Le mur de Lenardi
Les soubresauts achevèrent de retourner le Matis. Tombé à genoux, le visage enfoui contre l'humus fraîchement retourné, peu de ses compagnons lui portèrent un regard, absorbés par leur travail. Ceux qui tentèrent de le secourir, étaient les nouveaux, les pupilles encore intactes... C'était un peu le rite de passage sur le chantier, une sorte de face à face...Pupilles contre pupilles...
Yasson se pencha sur le mur en carton, maquette du plus ambitieux projet Matis depuis la Grande Ziggourat:
— Humm ... Ser Lenardi ? Que fait ce yubo perché sur le mur ?
— Oh ! Ce yubo est là pour représenter l'échelle, na Karan...
— Je vois...Vous auriez pu utiliser un Matis non ?
— Oui mais je voulais...humm...comment dire...refléter la grandeur du Royaume, na Karan, un Matis n'aurait pas fait l'affaire...
Le Roi leva les yeux vers Bravichi, ce dernier fit preuve d'un sang-froid à toute épreuve et Yasson, regardant à nouveau la maquette en souriant ,dit : — Lenardi, c'est magnifique, mon fils apprécierait le souci du détail, et il n'est pas le seul assurément... Bien continuez..., quand les jeunes pousses apprécient, les alinae annoncent le quatrain*... — oui Sire...
C'était un matin d'automne plutôt commun, au pas de l'hiver.

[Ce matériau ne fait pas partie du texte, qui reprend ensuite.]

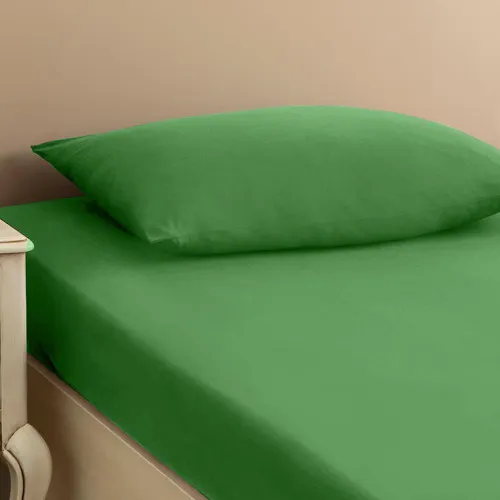 Махровая наволочка 19-722 Sonikss (на молнии) - 2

Le chantier encore endormi, émergeait à peine de la chape de brume qui le recouvrait, voile protecteur éphémère troué ici et là par d'autres volutes délicates , végétales aiguilles bombant le torse de la science , brisant l'ultime protestation de la nature domptée par le génie Matis.

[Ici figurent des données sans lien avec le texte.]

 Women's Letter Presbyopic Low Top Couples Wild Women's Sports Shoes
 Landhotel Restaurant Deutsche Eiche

Bravichi Lenardi contemplait son oeuvre naissante, souverain architecte, assis sur le trône de l'œuvre d'une vie. Il avait travaillé seul durant presque deux années de Jena, arpentant les régions inconnues du nouveau Royaume, tour à tour cartographe, botaniste, creuset de découvertes inestimables et pionnier de la connaissance Matis sur ces territoires vierges.